Sa toile Tête Dure s’est vendue en 2010 à 110 000 euros chez Sotheby’s Doha (au double de son estimation). Il s’est classé 356e dans la liste des 500 artistes les mieux cotés du monde, avec des œuvres qui se vendent entre 40?000 et 50?000 euros. L’artiste parvient à placer ses œuvres dans des musées prestigieux, du Migros Museum für Gegenwartskunst à Zurich, en passant par le Centre Georges Pompidou (Paris) et Mori Art Museum (Tokyo).
?
Voyage voyage
Mohamed El Baz : Il affiche une bonne dizaine de passages en salles depuis son entrée dans le club sélect des enchères en 2008. Le peintre a bénéficié de l’effet printemps arabe, vendant ses œuvres entre 100 000 et 250 000 dirhams.

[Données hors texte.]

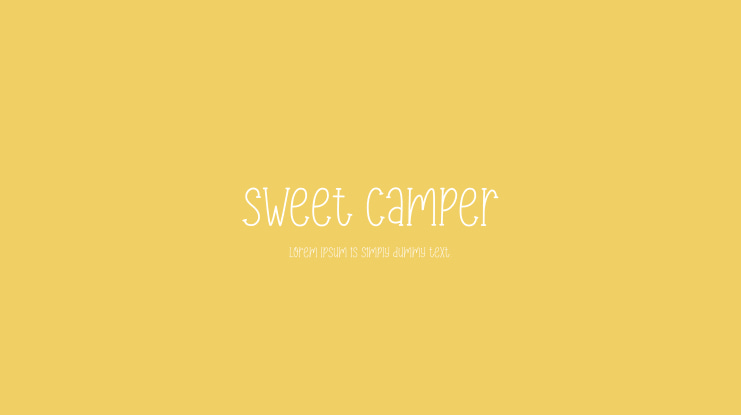 Sweet Camper Font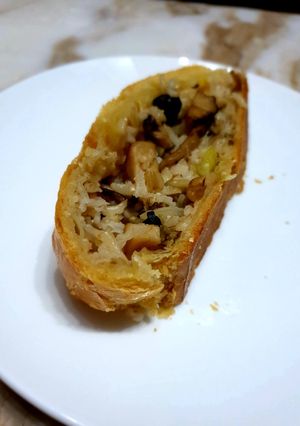 A picture of Mushroom Coulibiac.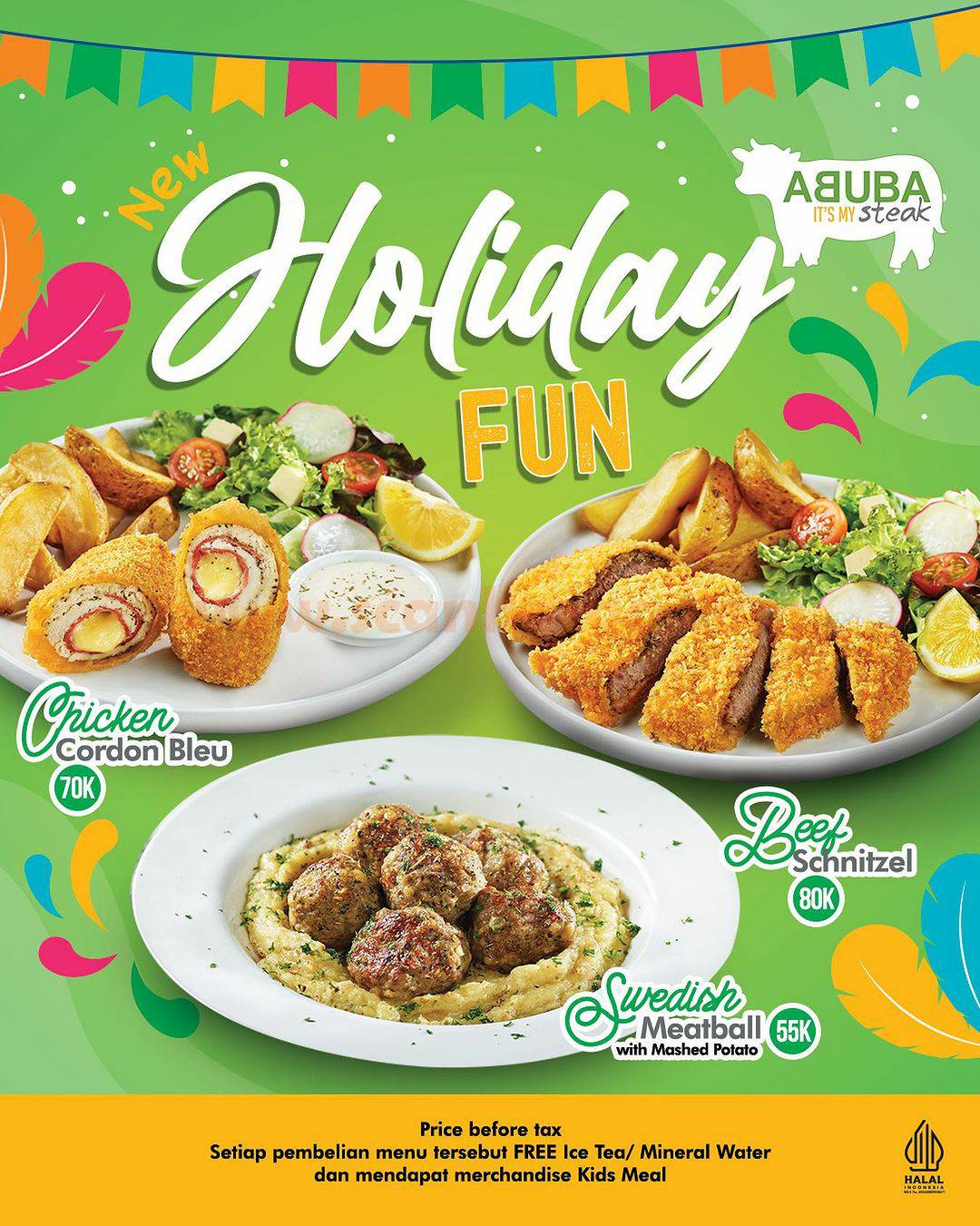 Promo ABUBA STEAK HOLIDAY FUN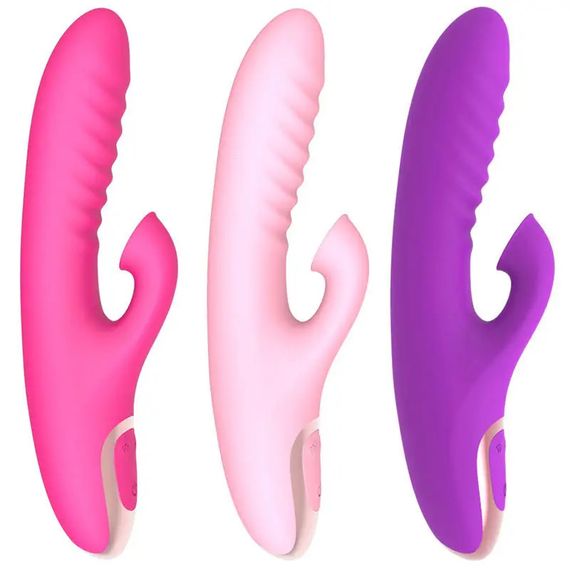 Вібратор із вакуумною стимуляцією клітора (червоний, USB) | Зображення 7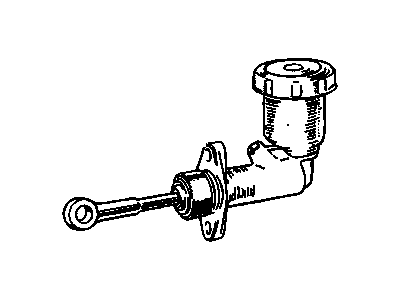 1986 Chevrolet Corvette Clutch Master Cylinder - 10079820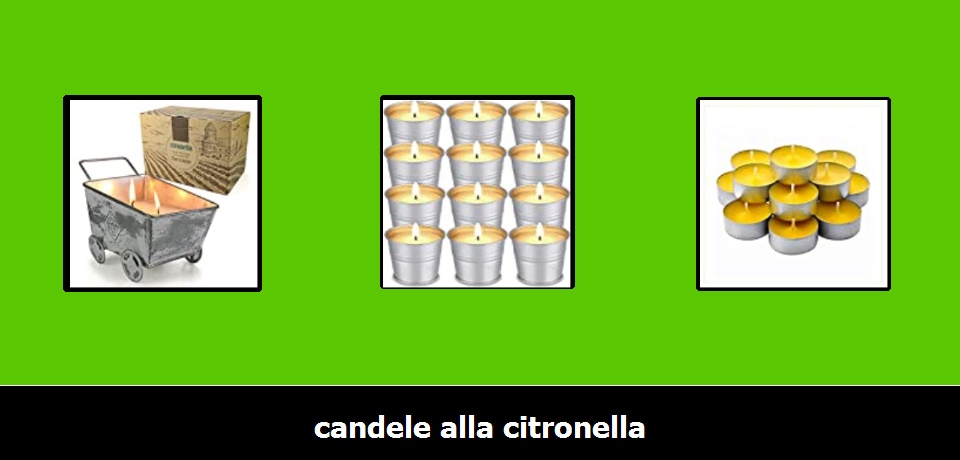 Candele Citronella di 4 Pezzi Candele Profumate da 7,2 Once Cera di Soia Naturale e Oli Essenziali in Vasetto Grande per Interno & Esterno Giardino Che Dura Fino a 120 ore per Picnic in Campeggio 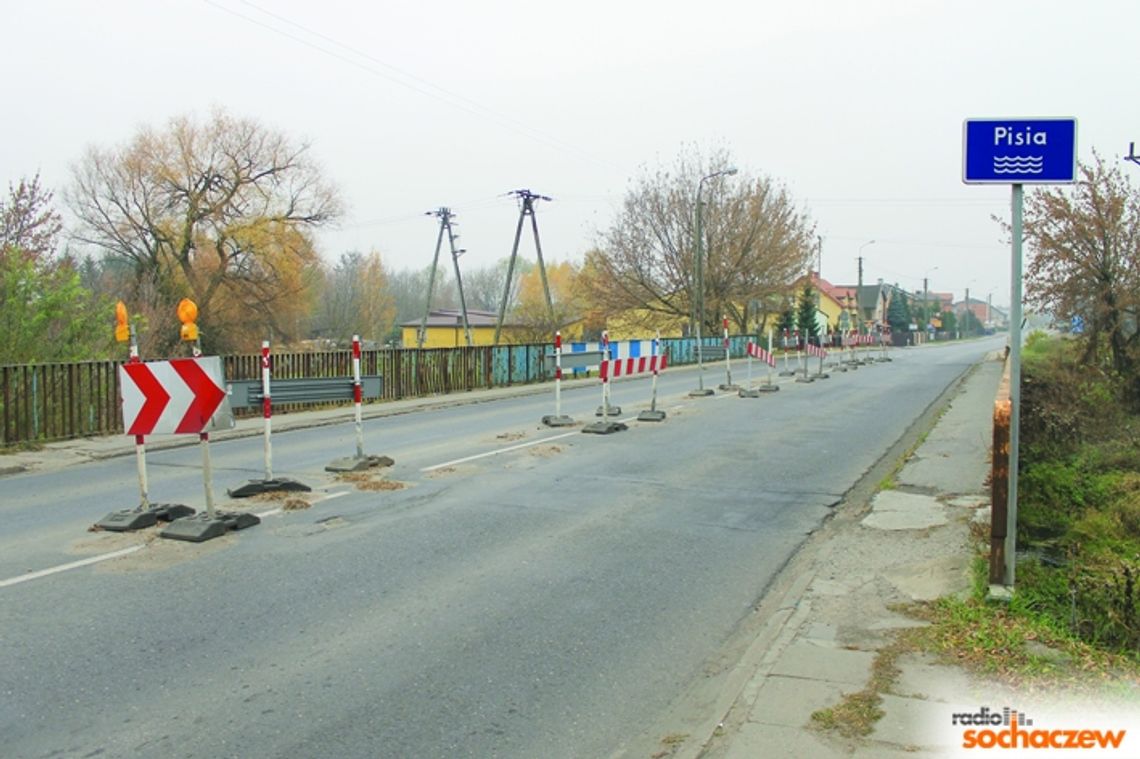 Sochaczew: Wkrótce koniec problemów z przeprawą przez rzekę Pisia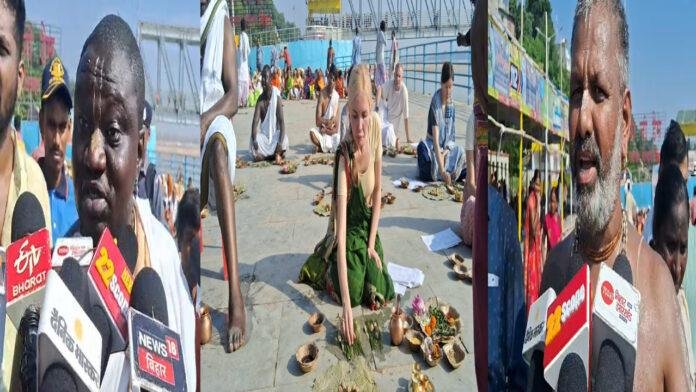 Gaya Pinddaan सात समुंदर पार करके विदेशियों का जत्था पहुंचा गया, पूर्वजों की मोक्ष की कामना के लिए किया पिंडदान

L’artiste s’est construit une renommée notamment grâce à sa participation à Africa Remix, un évènement itinérant qui a fait découvrir ses créations à travers le monde. Aujourd’hui, il se vend dans des maisons prestigieuses comme Sotheby's Doha et Londres, Cornette et Saint-Cyr Paris, Christie’s Dubaï.
Le Qotbi show
Mehdi Qotbi : Réseauteur devant l’éternel, Mehdi Qotbi est le plus institutionnel des peintres du royaume. L’homme est assailli de commandes officielles. Les banques, les gares et les aéroports du pays, tous ont leur Qotbi accroché dans un couloir feutré ou une salle d’embarquement au vu de tous les passagers.
Le spécialiste de la calligraphie vend un tableau de 1mX1m à 200 000 dirhams, soit cinq fois plus cher qu’il y a dix ans.